Auto proponuję kupić używane, bo nowe to straszna utrata wartości - bez sensu. Kiedy czytam o tych rzekomych wytycznych dla długotrwałości używania na gazie, to śmiać mi się chce. A czym niby silnik ośmiozaworowy z 2006 roku ma górować nad szesnastozaworowym? Po cholerę piszecie takie bzdury, Panowie? Wyższy stopień zaawansowania kultury konstrukcji i wykonania silnika nie skutkuje gorszą, tylko lepszą jego trwałością i ekonomią. Jasne, są silniki bardziej i mniej udane, ale niekoniecznie idzie to w parze z ilością zaworów, czy innymi tego typu parametrami. Jeśli jest różnica, to tylko taka, że im nowszy samochód i bardziej wyrafinowany jego silnik, tym pewniej kiepski montaż i strojenie LPG będą pędzić właściciela po serwisach z reklamacjami i wiecznym "helikopterem" palącym się na żółto na desce rozdzielczej. Dlatego montować gaz jeździ się do profesjonalisty w tej dziedzinie, a nie do przebranżowionego naprędce fryzjera, albo piekarza.
Jeśli mam doradzić auto: Skoro taxi, to warto coś w miarę wygodnego, sensownie trwałego i reprezentacyjnego choć trochę (dwunastogodzinny dzień pracy jak sądzę to standard, a i Klient chyba chętniej wsiądzie do wygodnej fury, niż do jakiegoś skośnookiego kompakta).
Moje typy:
- Volvo S60 2,5 140/170KM bez turbiny - 5 garów
- Poliftowy Passat B5 1,8 20V bez turbiny - 4 gary
- Audi A4/A6 1,8-2,0 20V bez turbiny - 4 gary
- Honda Accord z silnikiem K20 (155KM) - 4 gary
- BMW 3 E46 1,8/1,9 Valvetronic - 4 gary
- BMW 5 E60/61 2,2 170KM - 6 garów
- Octavia/Golf 1,6 16V - 4 gary.
Wszystkie wymienione auta dostępne są w nadwoziu kombi, wszystkie są trwałe, niezawodne, wygodne, wybierałem specjalnie wersje z silnikami bez sprężarki, która jako element mocno obciążony, w dłuższe perspektywie stwarza prawdopodobieństwo poniesienia kosztów regeneracji.
Koszty konwersji różne, wiadomo - w zależności głównie od ilości cylindrów - najtaniej cztery cylindry, pięć i sześć w mocno zbliżonych cenach, wyraźnie wyższych niż cztery.

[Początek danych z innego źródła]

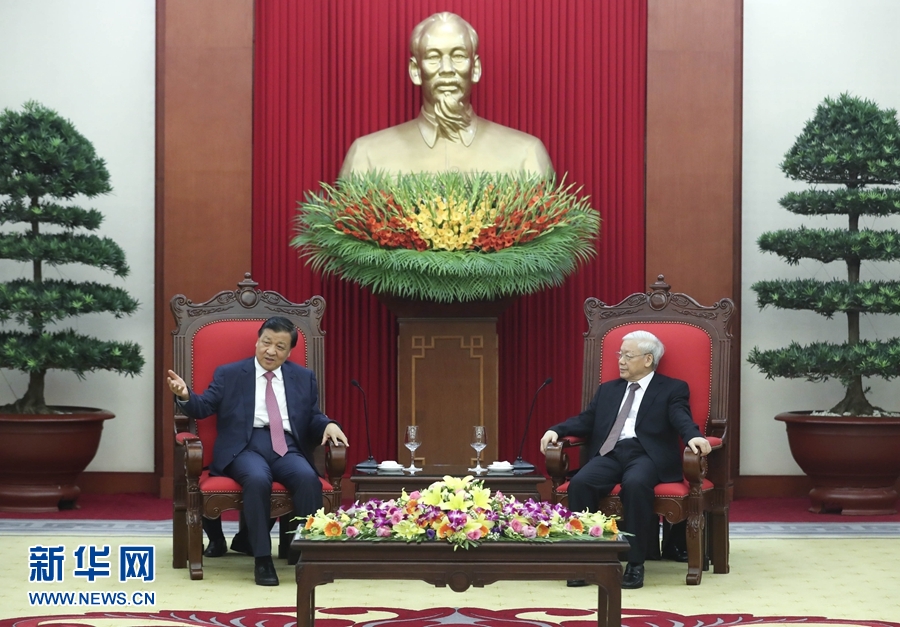 應越南共產黨邀請，中共中央政治局常委、中央書記處書記劉云山9月18日至19日對越南進行正式訪問。這是9月18日，劉云山在河內會見越共中央總書記阮富仲。 新華社記者 龐興雷 攝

Przy takich planowanych przebiegach łatwo zapomnieć o serwisach auta w terminie (bez urazy, ale znam wielu taksówkarzy, naszych Klientów - żaden z nich nie przyjeżdża na serwis terminowo...). Dlatego wygodniejsze będą auta z hydrauliczną regulacją luzu zaworowego - zwróćcie uwagę że wymienione przeze mnie modele wszystkie takową posiadają.
Przebieg i ciężar taksówkowej eksploatacji również nie skłaniają do tańszych marek, jak opel, chevrolet. MOżna jednak ewentualnie dumać nad niektórymi propozycjami z Korei - hyundaiem, kia.
Co do samej instalacji - osobiście zaproponuję Staga z wtryskami Hana. Reduktory - w zależności od mocy auta, ale przedział do 170KM spełniany przez wszystkie z nich, to możliwość użycia Magic III, AC R-01, ewentualnie Zavoli Zeta S.
Stag to gwarancja fabryczna na 24 miesiące bez limitu kilometrów, na całość instalacji, aczkolwiek - ehm - znam warsztaty oferujące dla Staga lepsze warunki gwarancji... na przykład trzy lata, lub 100.000km bez limitu czasu.
MOCNO ODRADZAM używane instalacje LPG, już zamontowane w autach. 90-95% z nich nadaje się do bardzo poważnej przebudowy lub wręcz wywalenia i założenia na nowo.